Stock Market Reality Bites – Sentiment can Move Markets either way

Brokers are now saying things are overdone. The sentiment is too negative and it has taken the markets down too far. Stock Market Reality is now biting the hand that feeds it. Stock Brokers and Fund Managers are feeling the pinch as the stock market drops like a stone. Through their over-trading and market manipulation they have destroyed their own wealth machine – the stock market. In so doing they have hurt us all and Baby Boomers are the ones who can least afford this down-turn right now.

Here is an extract from an article written by an Australian Broker:

* Babcock Brown was up 47.9 per cent. This year down 79.7 per cent.

* Minara Resources was up 199.6 per cent. Now down 73.1 per cent.

* Perilya, up 82.8 per cent last financial year is now down 87.5 per cent.

* Paladin was up 100 per cent and is now down 41 per cent.

* Zinifex is 61 per cent off its high despite a bid.

* Toll Holdings was up 80.5 per cent. Now down 58.5 per cent.

* MFS was up 47.8 per cent but is now in discussions with its bankers.

* Macquarie Group was up 23 per cent. Now down 50.7 per cent.

* The banks fell 36.4 per cent.

* The property trusts fell 50 per cent.

* NAB, up 16.7 per cent last financial year, is 37.4 per cent off its high.

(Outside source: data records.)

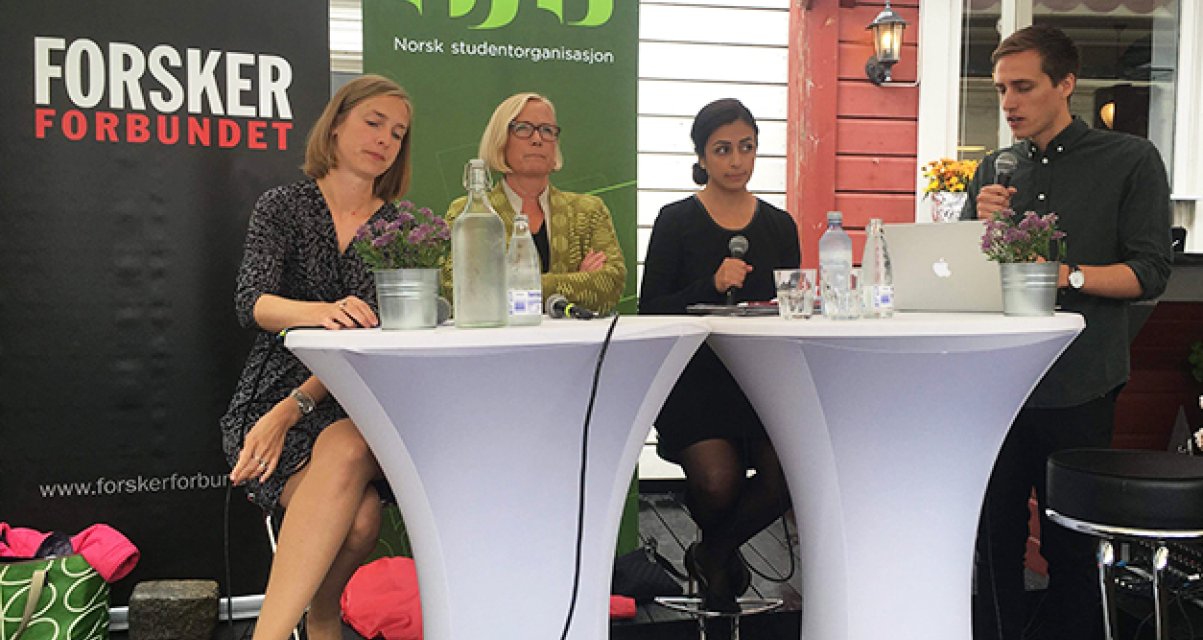 F.v. Iselin Nybø, Marit Arnstad, Hadia Tajik og debattleder Ola Magnussen Rydje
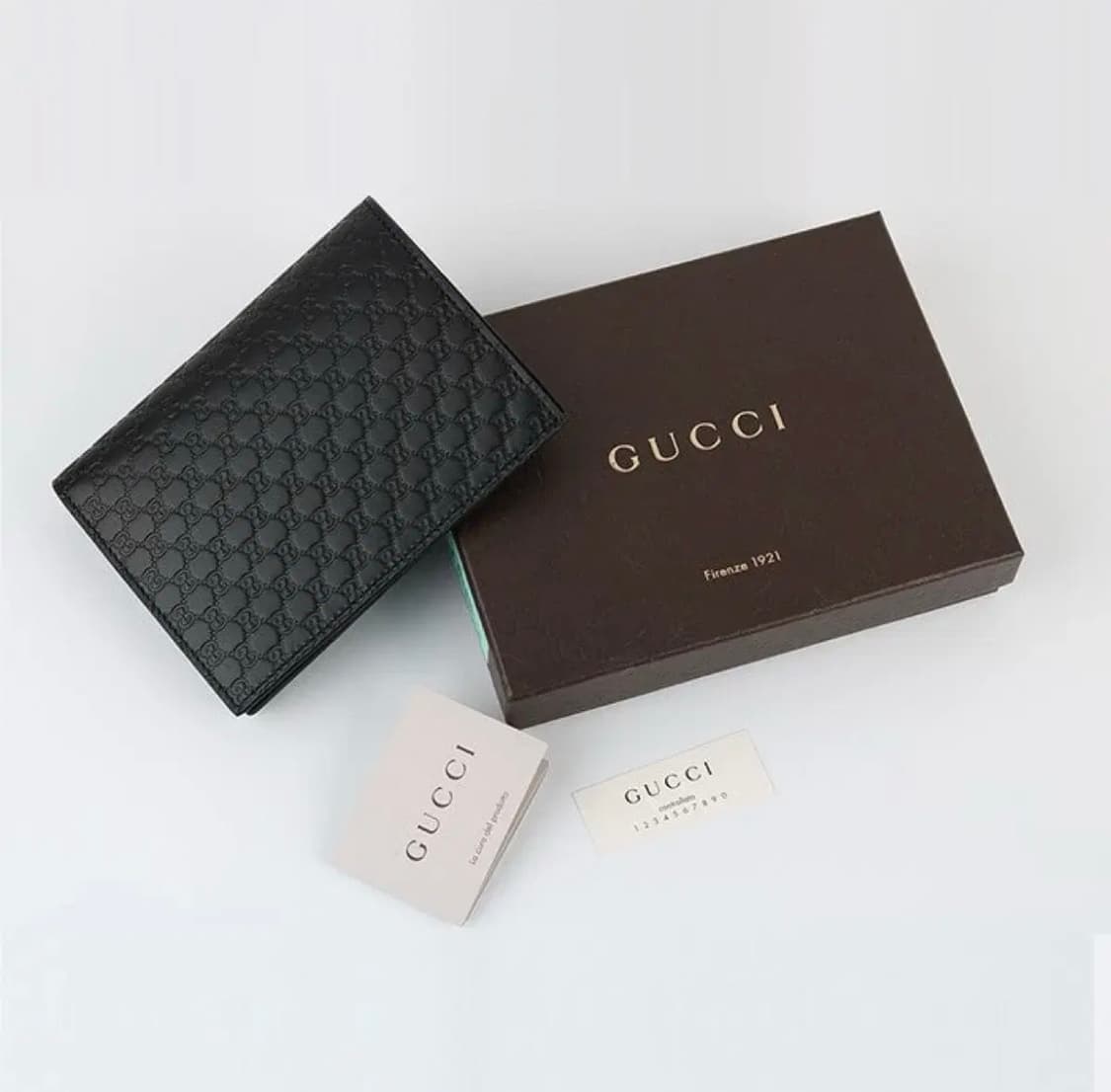 구찌 마이크로시마 여권지갑 상품이미지4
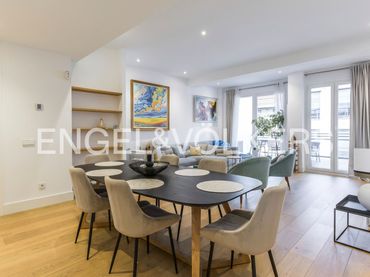 Wohnung mit Balkon zum Verkauf in Calle de las Mártires Concepcionistas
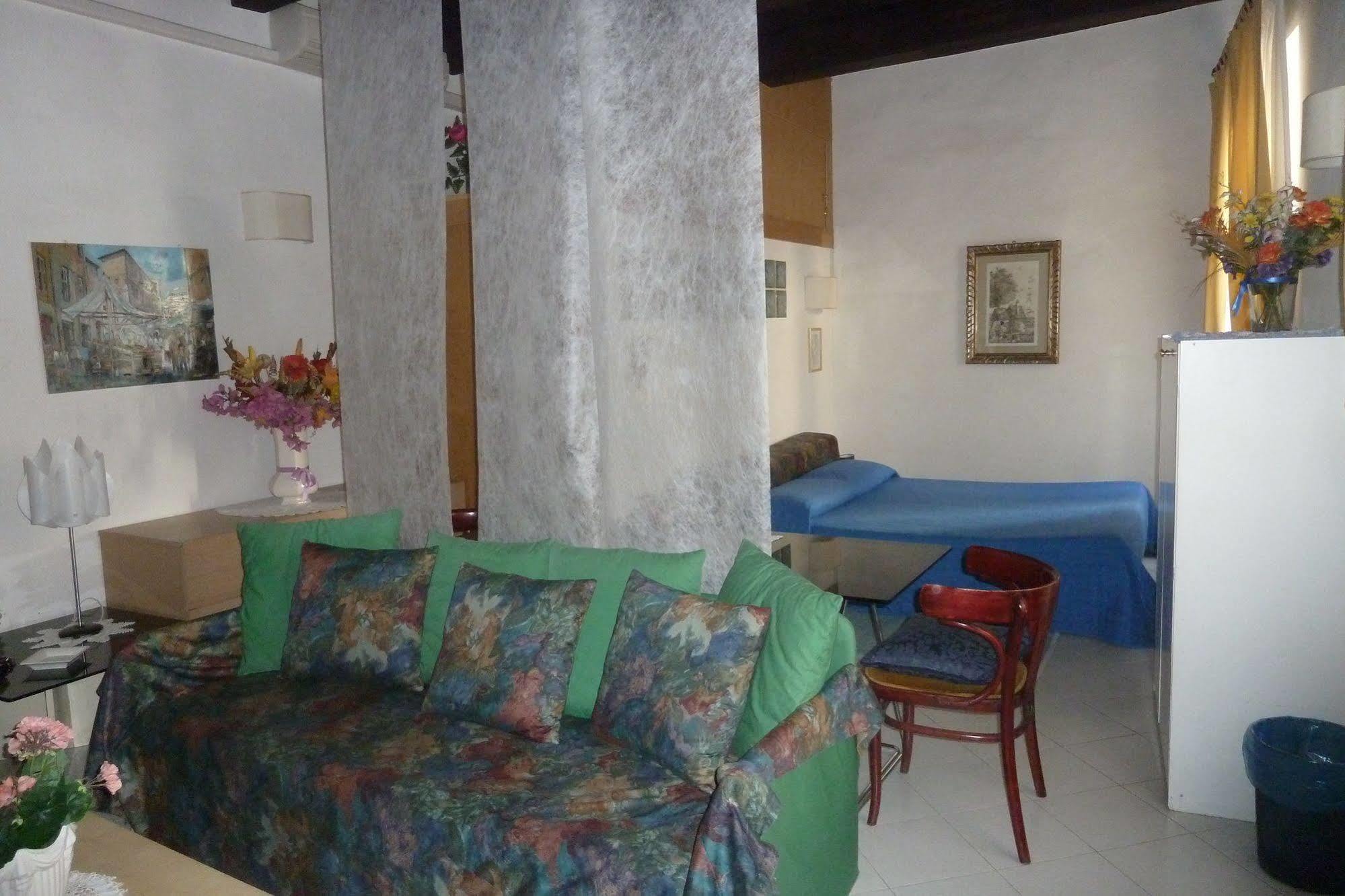 Bed and Breakfast Bb Santa Rosa à Viterbe Extérieur photo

He goes on to claim these results are not based on fundamentals, analysis or any thing we can call rational. But I respectfully beg to differ.

I won’t deny there may be some over-sold but this is reality biting. We have a financial wealth money machine at work manned by the financial planners, the fund managers, the brokers and the stock market.

It is very simple. The brokers and fund managers get someone to do research on a company they want to promote and write a fancy report saying what an excellent investment it is and rate it as a buy. The brokers and /or fund managers who paid for the report then promote the stock and either the fund managers buy it for their investors or investors buy it based on the recommendation. The stock goes up in price and everyone is happy.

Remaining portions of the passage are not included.